US20020018541A1 - X-ray fluorescence analyzer

Info

Publication number: US20020018541A1
Application number: US09/910,107
Authority: US
Inventors: Shigeki Yagi
Original assignee: Shigeki Yagi
Current assignee: Hitachi High Tech Science Corp
Priority date: 2000-07-27
Filing date: 2001-07-20
Publication date: 2002-02-14
Anticipated expiration: 2021-07-20
Also published as: JP2002039973A; US6400795B2

Abstract

To provide an X-ray fluorescence analyzer with good working efficiency.

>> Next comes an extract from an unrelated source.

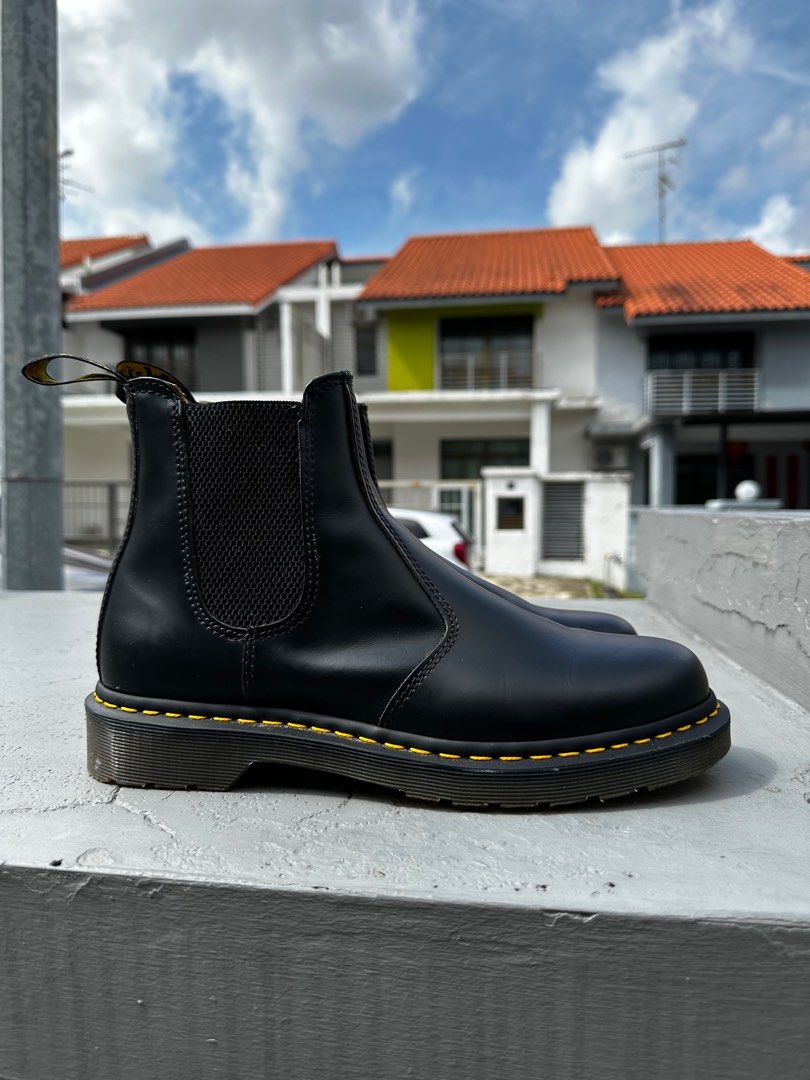 Dr marten discount carpathian chelsea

An X-ray fluorescence analyzer utilizing principles of an X-ray fluorescence method comprising X-ray generation means 1 for generation of X-rays, a shutter 2 for shielding against X-ray beam irradiation, generated by the X-ray generation means, to a sample to be measured, X-ray detection means 4 for detecting secondary X-rays, generated as the result of X-ray beam irradiation, to a sample to be measured, measurement control instruction means 5 for instructing to start and to stop measurement, operation delay means 6 for outputting a signal to shutter actuating means 3 after a fixed period of time has elapsed after the measurement start instruction signal from the measurement control instruction means 5 is input, and display means 7 for displaying that the X-ray fluorescence analyzer is performing measurement during the period when from the measurement start instruction signal is input from the measurement control instruction means 5 until the measurement stop instruction signal is input.

Description

BACKGROUND OF THE INVENTION

The present invention relates to an X-ray fluorescence analyzer mainly aimed at outdoor elementary analysis, such as archaeological sample examination, criminal field searches, fire patrol searches, and scrap article inspection, etc.

Related Art

Archaeological sample examination, criminal field searches, fire patrol searches, and scrap article inspection etc., are often performed outside.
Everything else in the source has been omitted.